### New columns

In order to optimize performance and organization, I created columns for various reasons:

1. **Rating and expenses fields**  
In order to create proper dim tables, I calculated the average for each rating field and summed all expenses for each *"ticket_id"*.
2. **Mean rating and total expense**  
Easy and useful metrics.
3. ***"is_multiday"*, *"age_group"*, rating levels and group type**  
For easier segmentation in later phases.

In [None]:
import pandas as pd
import numpy as np

df = pd.read_csv(r"C:\Users\PC\Desktop\Estudio\Analisis de Datos\Proyectos\Festival Purchase Behavior Analysis\Datasets & Tables\festival_dataset_clean.csv")
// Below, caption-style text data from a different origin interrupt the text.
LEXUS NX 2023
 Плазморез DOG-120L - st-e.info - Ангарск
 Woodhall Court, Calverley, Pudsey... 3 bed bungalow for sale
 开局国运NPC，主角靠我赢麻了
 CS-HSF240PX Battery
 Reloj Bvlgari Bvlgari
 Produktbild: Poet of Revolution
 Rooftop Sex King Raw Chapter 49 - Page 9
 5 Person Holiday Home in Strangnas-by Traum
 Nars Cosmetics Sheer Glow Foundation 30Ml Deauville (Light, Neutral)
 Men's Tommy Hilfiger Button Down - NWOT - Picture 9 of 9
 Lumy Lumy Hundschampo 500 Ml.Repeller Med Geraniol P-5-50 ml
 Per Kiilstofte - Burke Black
# ------------------------
# Rating and expenses calculations
# ------------------------

# Calculate mean for each ticket_id and assign it to each row and rating type
ratings_list = ["satisfaction_rating", "cleanliness_rating", "security_rating"]
for rating in ratings_list:
    # Calculate mean rating score
    df[rating] = (
    # Groups by ticket_id to get the mean score for each ticket
    df.groupby("ticket_id")[rating].
    # Provides the mean score for each ticket_id, rounded to 2
    transform("mean").round(2)
)

# Calculate total expenses in different categories
expense_list = ["food_expense", "drink_expense", "merch_expense"]
for expense in expense_list:
    df[expense] = (
        # Groups by ticket_id to get the total expense for each ticket
        df.groupby("ticket_id")[expense].
        # Sums up the expenses for each ticket_id and rounds to 2
        transform("sum").
        round(2)
        )
    
# ------------------------
# Means calculations
# ------------------------

# Calculate the total amount spent on food, drinks, and merchandise
df["total_spent"] = round(df["food_expense"] + df["drink_expense"] + df["merch_expense"], 2)

# Mean rating of all 3 rating scores
df["mean_rating"] = round((df["satisfaction_rating"] + df["security_rating"] + df["cleanliness_rating"])/3, 2)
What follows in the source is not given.